KPN fibre problems serve as a timely reminder
KPN has made good progress pursuing a cost-cutting agenda over the last year, which has seen it increase earnings despite a decline in its top-line revenues. However, problems with an automated activation process for its fibre services have led it to suspend sales in its pilot cities, and as a result have negatively impacted customer satisfaction. KPN’s problems serve as a timely reminder to telcos of the potential pitfalls of rolling out new services, even when delivered over next-generation telco IT systems.
KPN released its 4Q09 results recently, with revenues (excluding disposals) falling 4.8% year-on-year. The positive news was that despite the decline in revenues, EBITDA climbed 3.4% over the same period. KPN has slashed its costs over the last year through initiatives including reductions in the cost of retaining and acquiring new subscribers, and in supplier costs (as a result of more efficient use of suppliers and lower pricing).

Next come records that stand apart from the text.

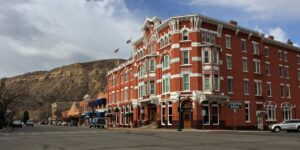 Hotels Downtown Durango Colorado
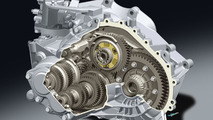 New Opel / Vauxhall six-speed manual transmission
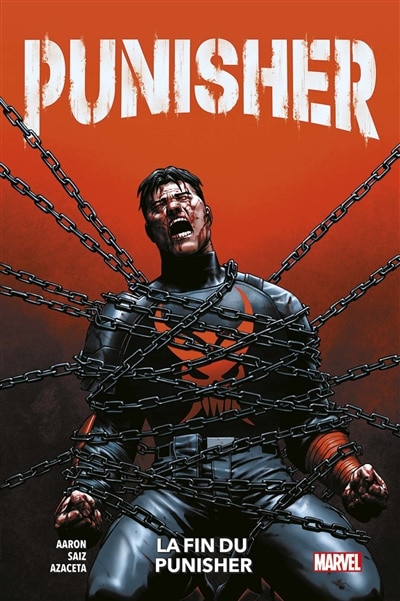 Front cover_La fin du punisher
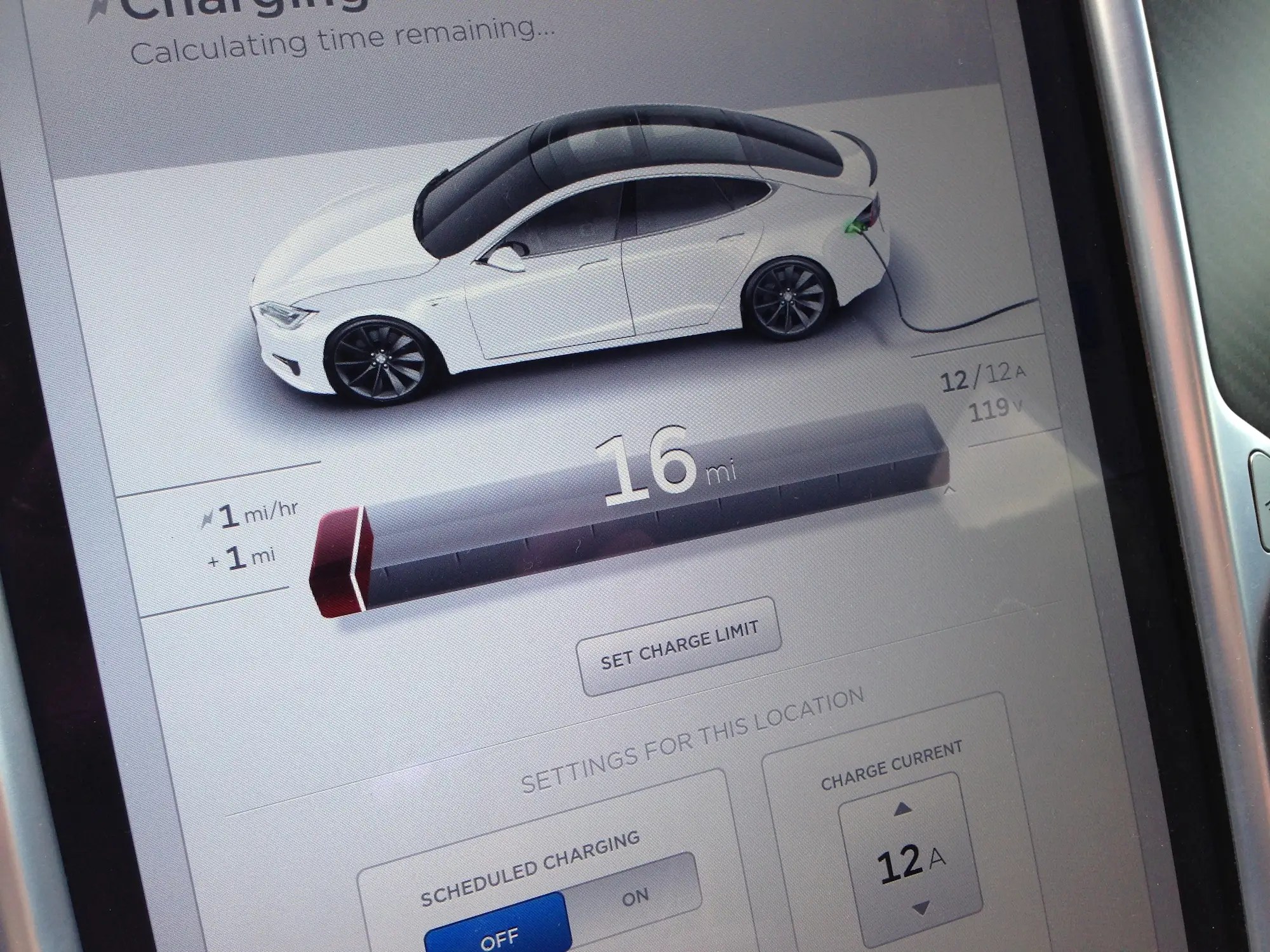 Tesla Model S Drive Business Insider - Download Artistic Minimal Wallpaper | Full HD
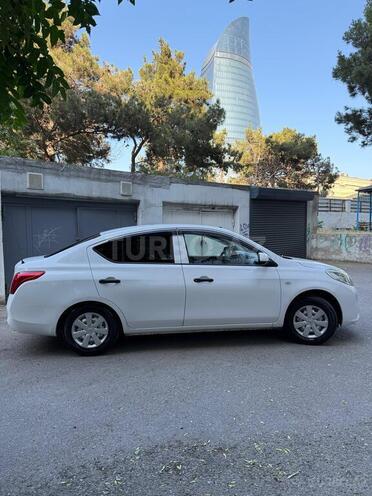 Nissan Latio 2013, 197,300 km - 1.2 l - Bakı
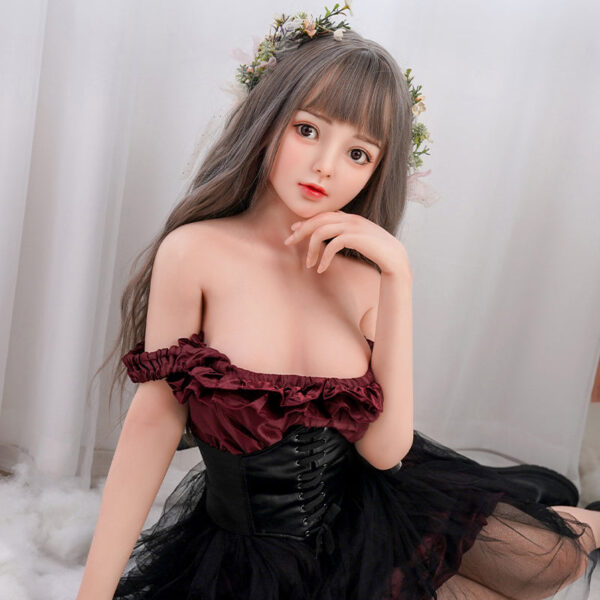 Lydia Silicone Sex Doll 145cm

Two areas where KPN sees further potential for cost reductions are through its ongoing simplification programme (which has included rationalisation of, and reduction in, the number of go-to-market brands, delivery processes and networks) and further reductions to its workforce.
As a mature market operator operating in a saturated and highly competitive domestic fixed market, KPN needs to manage the cost of its operations in order to remain competitive and to maintain its profit margins. The boost in EBITDA during 4Q09 and the resultant increase in dividend are good news for its shareholders in the short to medium term. However, telcos are continually looking for the next ‘killer app’ or means of innovation, to avoid basing their long-term business model on a commoditising service.

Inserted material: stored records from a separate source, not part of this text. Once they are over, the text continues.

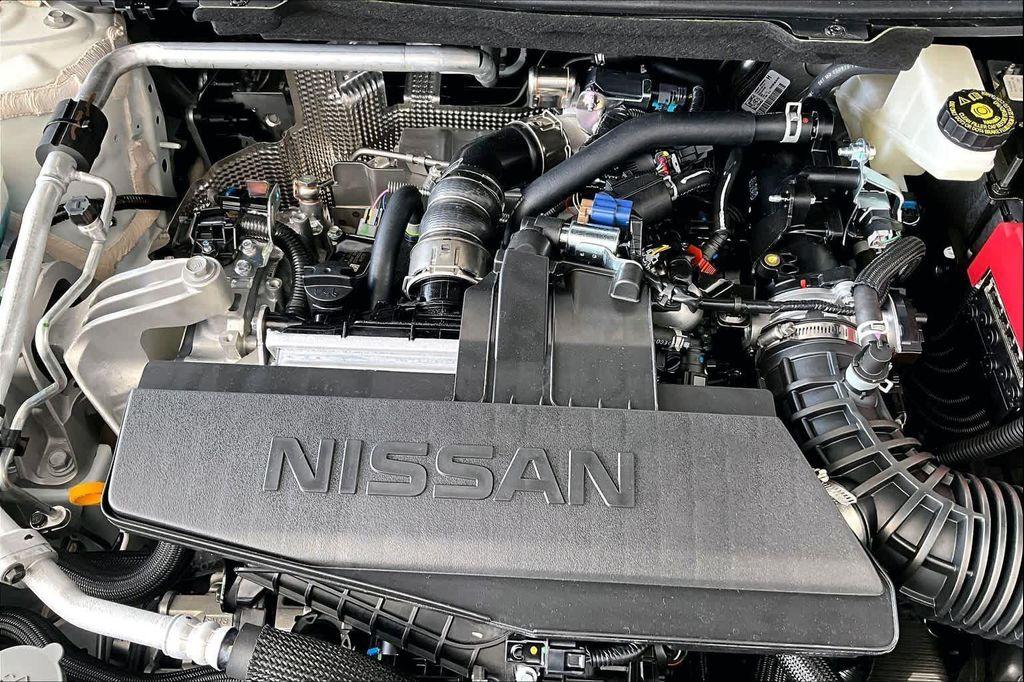 new 2026 Nissan Rogue car, priced at $30,125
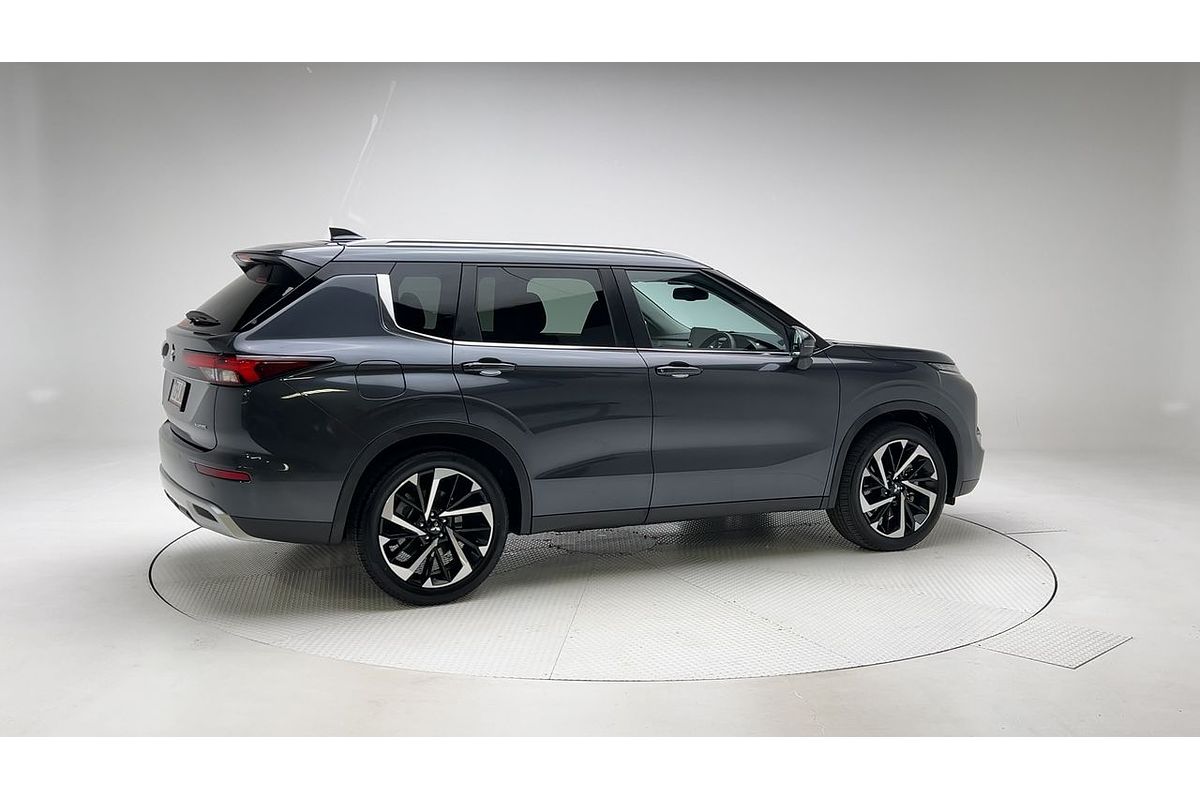 2024 Mitsubishi Outlander Aspire ZM
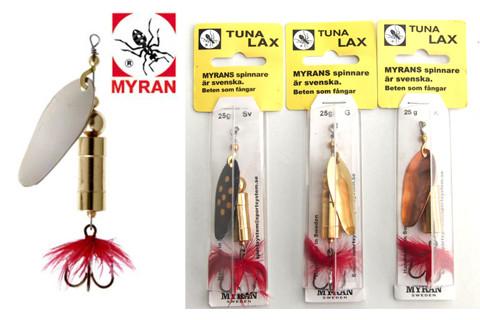 Myran Tuna Lax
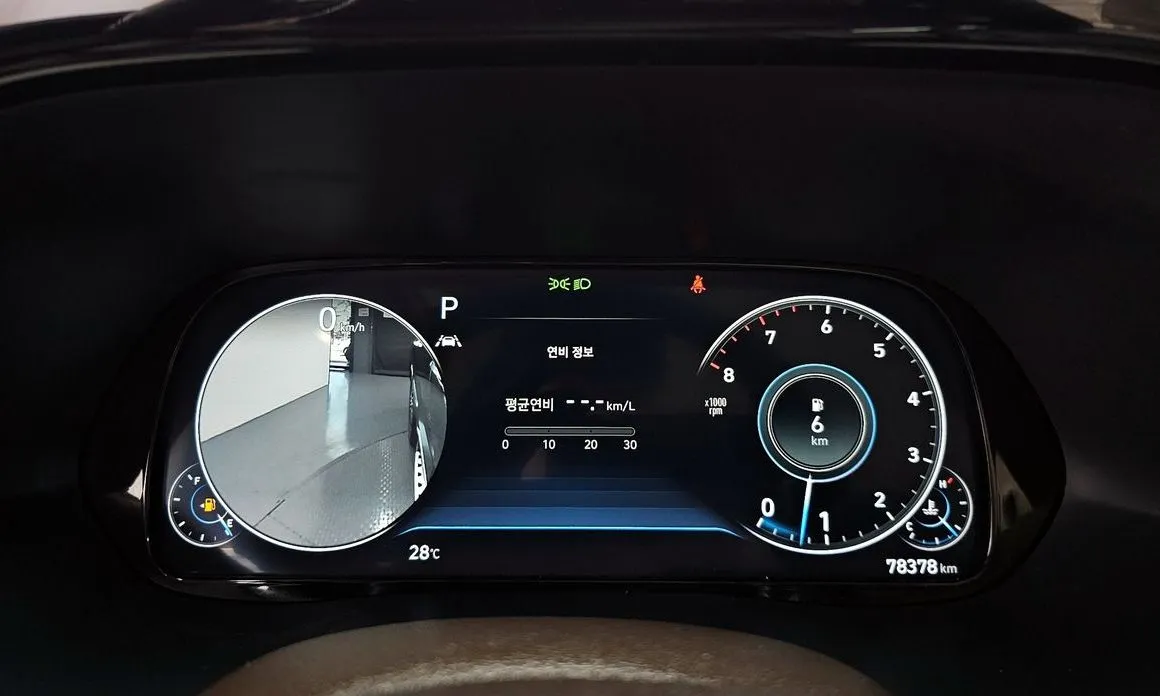 Hyundai Palisade 2022 из KR, фото 5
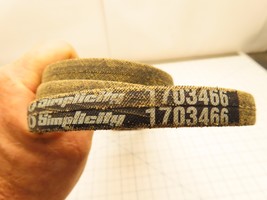 Simplicity 1703466 Drive Belt Generic Sleeve Not Included - £22.46 GBP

KPN’s domestic fixed operation has pinned its hopes on its next-generation access strategy, which is seeing it deploy fibre to the home (as part of its joint venture with Reggefiber) and fibre to the cabinet. KPN is currently conducting trials of this new service in ten regions within the Netherlands, but is already playing catch-up in terms of network speeds with the cable operators – in particular UPC Nederland, which has already implemented DOCSIS 3.0 across its network and is offering top-line speeds of up to 120Mbps.
With UPC enjoying a head-start in NGA provision, the last thing KPN needed was implementation issues with its fibre pilots. KPN is no stranger when it comes to problems in rolling out new services. In early 2007 it suffered from an overload of orders for its VoIP service, leading it to restrict sales in a bid to improve customer satisfaction levels, which had fallen as a result. History now appears to be repeating itself, with KPN suffering from scalability issues in activating new customers for fibre. Instead of an overwhelming surplus of orders, on this occasion the fault lies with KPN’s back-office systems – specifically, an activation process that was set up to be automated not working to plan and as a result requiring substantial manual rework.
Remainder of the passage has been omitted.